Exercise brief :: Write down exactly the lines from the one below that has "9516 S Yale Ave, Chicago, IL 60628" to the end of the data, both ends included; the pictures should not appear in your copy.

Data segment: Begin

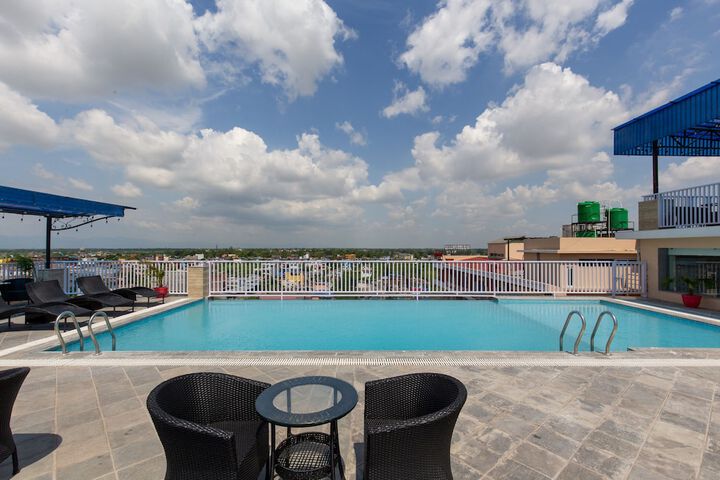 Pool 36 of 60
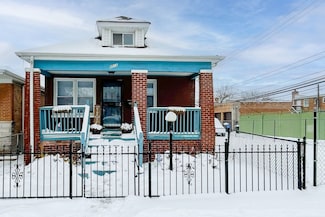 9516 S Yale Ave, Chicago, IL 60628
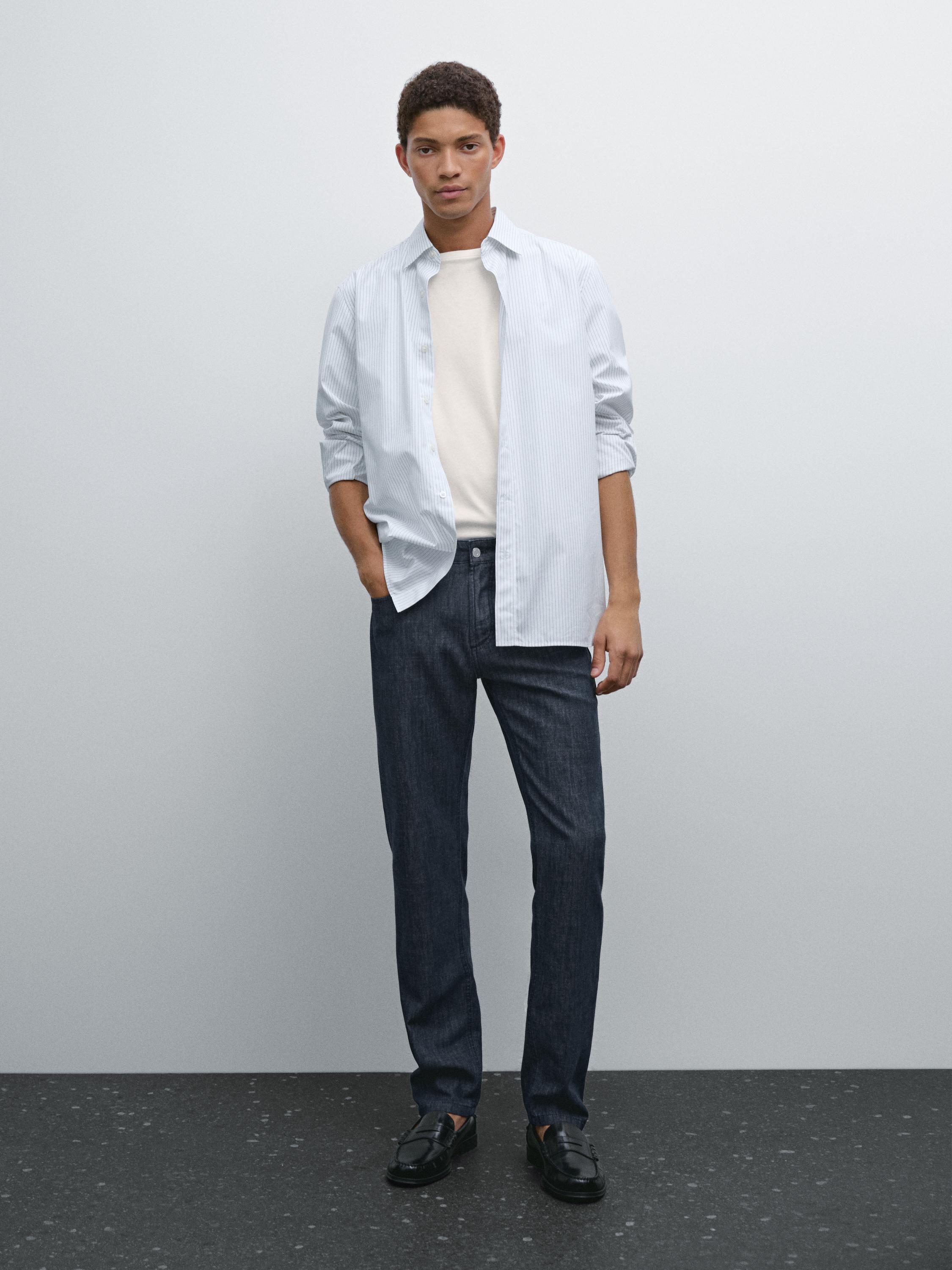 Lightweight tapered fit jeans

Data segment: End

Response for this exercise ::
 9516 S Yale Ave, Chicago, IL 60628
 Lightweight tapered fit jeans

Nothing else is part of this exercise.